PRISM Video: Why XR projects fail or stall (“Pilot Purgatory”) - Barriers between Inception and Implementation
Sam del Greco is a vastly experienced Senior Researcher (XR - Virtual, Augmented and Mixed Reality), XR lead at IMR (Irish Manufacturing Research, a member of Eirmersive), who founded IMR’s XR department ~8 years ago. During those years he has delivered demos to thousands of people and scoped 70+ projects, including the completion of 7 multi-company XR projects with ~35 companies. IMR is hardware-agnostic and focuses is on best-fit solutions in terms of devices. It works at mid-level TRL (3–6), focusing on implementation challenges rather than off-the-shelf solutions.
The following is a summary of Sam’s presentation, which you can watch in full below
Core Theme
Why XR projects fail or stall (“Pilot Purgatory”) - Barriers between inception and implementation, and why projects often die after the pilot phase.
Key Challenges
Technology vs Implementation
Hardware is mature, accessible, and performant (high TRL).
Main barrier: implementation—integrating XR into existing processes and systems.

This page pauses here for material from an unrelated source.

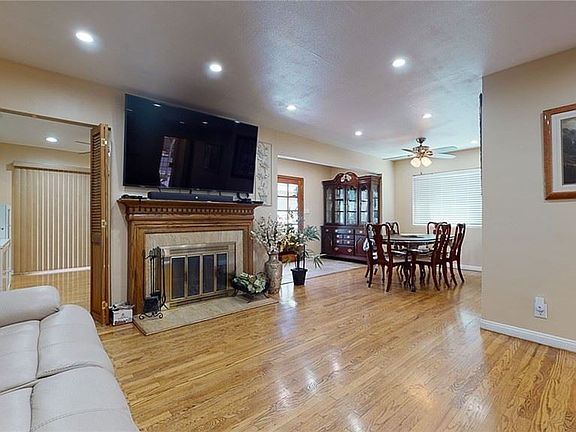 4th image of 12249 Todd Ct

Return on Investment (ROI)
Hard to quantify benefits and justify cost to senior management.
Projects need clear objectives and measurable outcomes to avoid premature cancellation.
Integration
XR cannot exist in isolation; must link to existing workflows, infrastructure, and data streams.

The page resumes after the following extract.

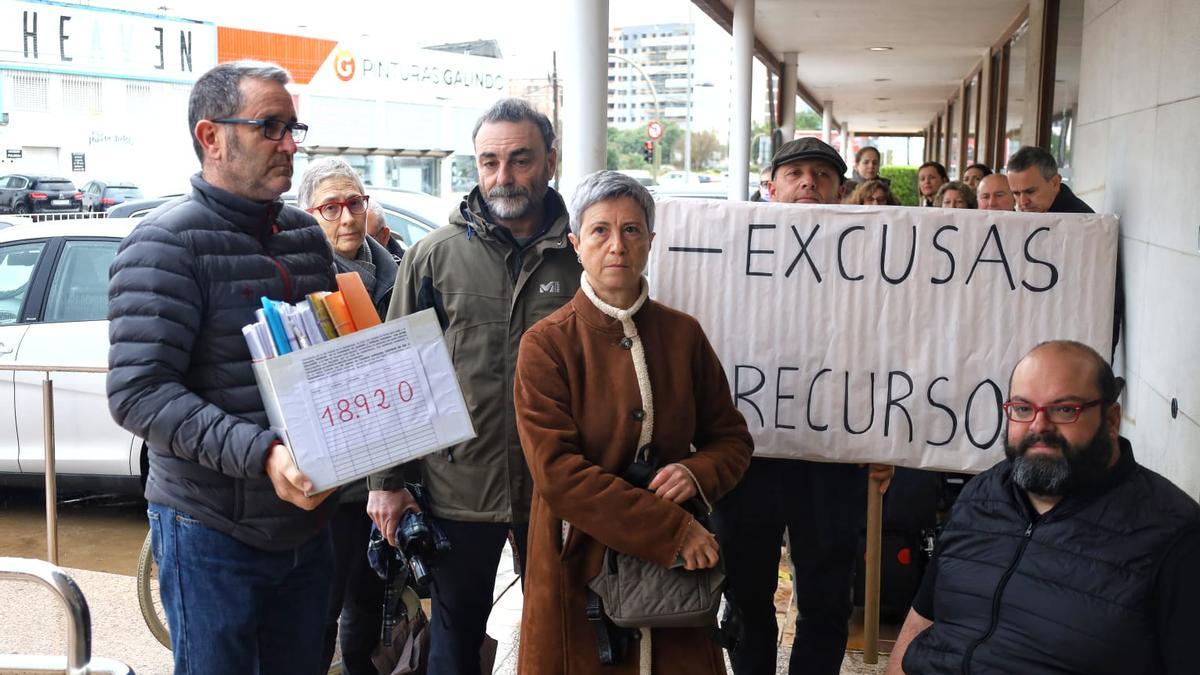 La presentación de firmas se hizo en la Dirección Territorial de la Conselleria de Igualdad.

Example: Training must integrate with HR systems for certification tracking.
Scope Creep
Lack of clear objectives leads to chasing “shiny” features or new devices.
Edge cases and exceptions consume budget unnecessarily.
Content Issues
Biggest blocker: Companies rarely have XR-ready content.
Three approaches: Capture (real-world objects), Create (digital modelling), Convert (optimise existing CAD/BIM files).
XR Digi project (€400k) focuses on content creation and conversion.
Data Availability
Digital twins need live data—but many companies lack sensors or IoT infrastructure.
XR projects often require parallel IoT/data initiatives.
Adoption & Culture
Engage end-users early; consider ergonomics, health & safety, and IT/security constraints.
Example: Network restrictions can block remote assistance apps.
Involve managers and secure a senior sponsor to champion the project.
Hardware Risks
Avoid vendor lock-in; choose hardware-agnostic solutions.
Past examples: Companies stranded after device manufacturers ceased support.
Practical Advice
Define clear wins and objectives early.
Plan content first—everything in XR is content or data.
Secure senior sponsorship for continuity.
Stress-test use cases—don’t assume XR is the right solution.
Consider update cycles—XR training must match the pace of process changes.
Factor in IT, HR, and health & safety from the start.
Closing Insight
XR is often an enhancement of existing processes (e.g., training), not a completely new paradigm. Success depends on:
Clear ROI,
Integration with existing systems,
Robust content strategy,
Organisational readiness and cultural adoption.